> TASK TO COMPLETE
Strip out the pictures and transcribe the records that follow exactly.

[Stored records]

┌────────

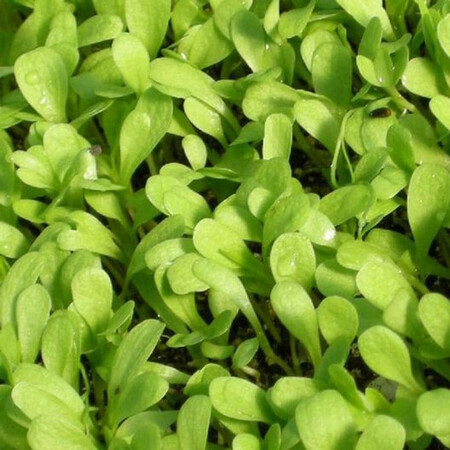 Семена микрозелени Щавель 5 г (М/З) | Agriks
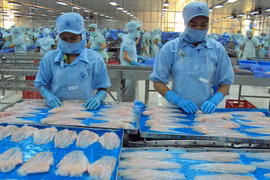 Tra fish exports reach 616 million USD in first six months
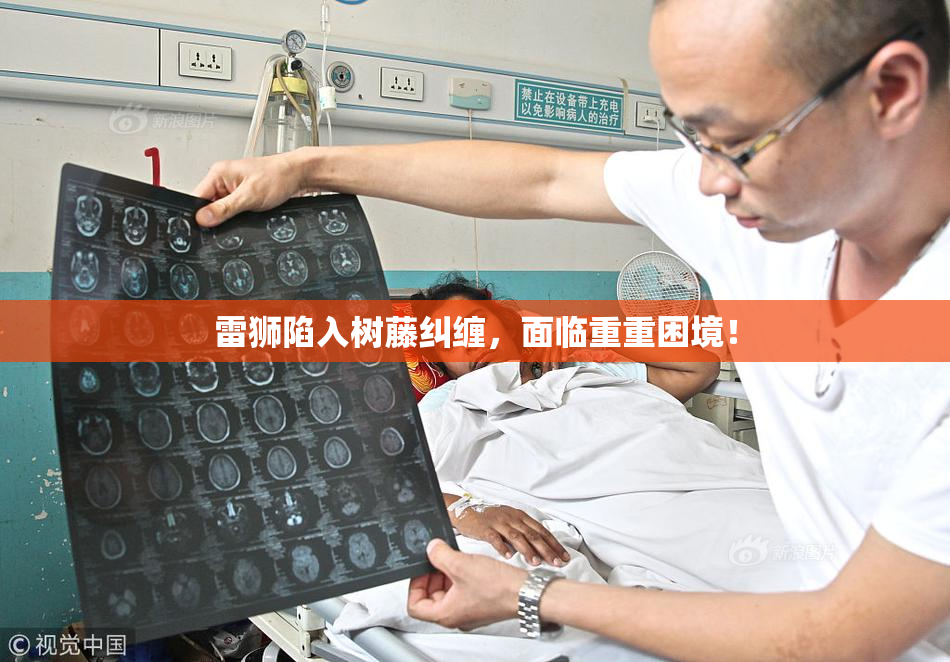 雷狮陷入树藤纠缠，面临重重困境！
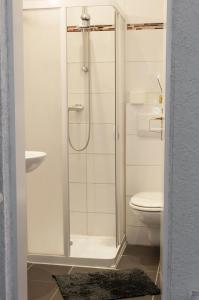 een badkamer met een douche en een toilet bij Landhaus Nauenburg in Heere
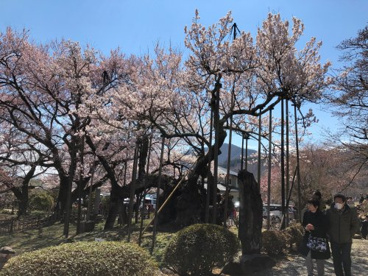 神代桜（実相寺）の画像2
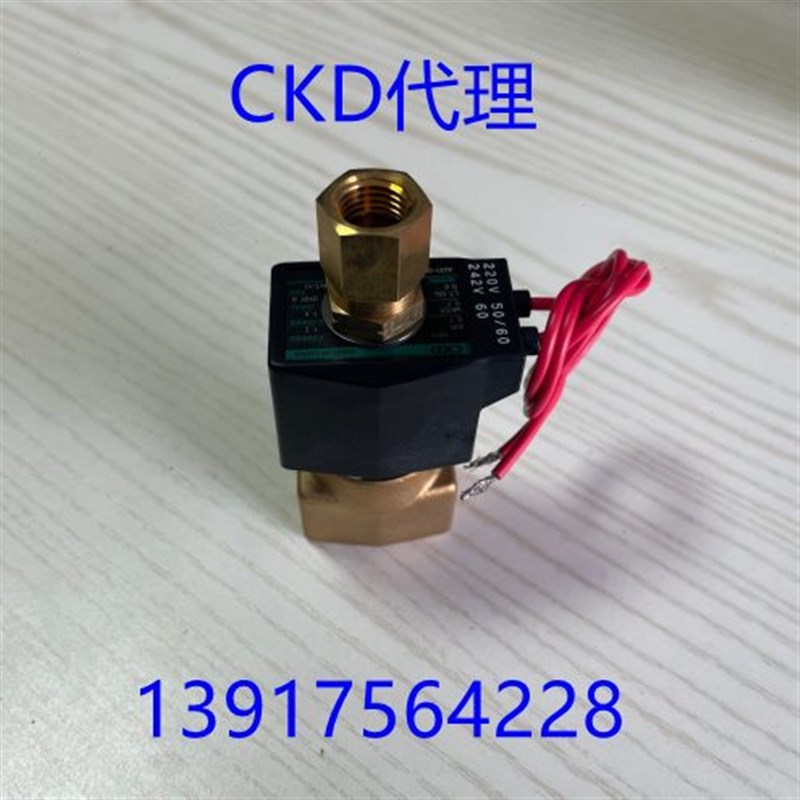 电磁 AG31-02-1--A220V AG31-02-1-02CE-DC24V AG3101-2-AC220V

└────────

> REPLY TO THE EXERCISE
 Семена микрозелени Щавель 5 г (М/З) | Agriks
 Tra fish exports reach 616 million USD in first six months
 雷狮陷入树藤纠缠，面临重重困境！
 een badkamer met een douche en een toilet bij Landhaus Nauenburg in Heere
 神代桜（実相寺）の画像2
 电磁 AG31-02-1--A220V AG31-02-1-02CE-DC24V AG3101-2-AC220V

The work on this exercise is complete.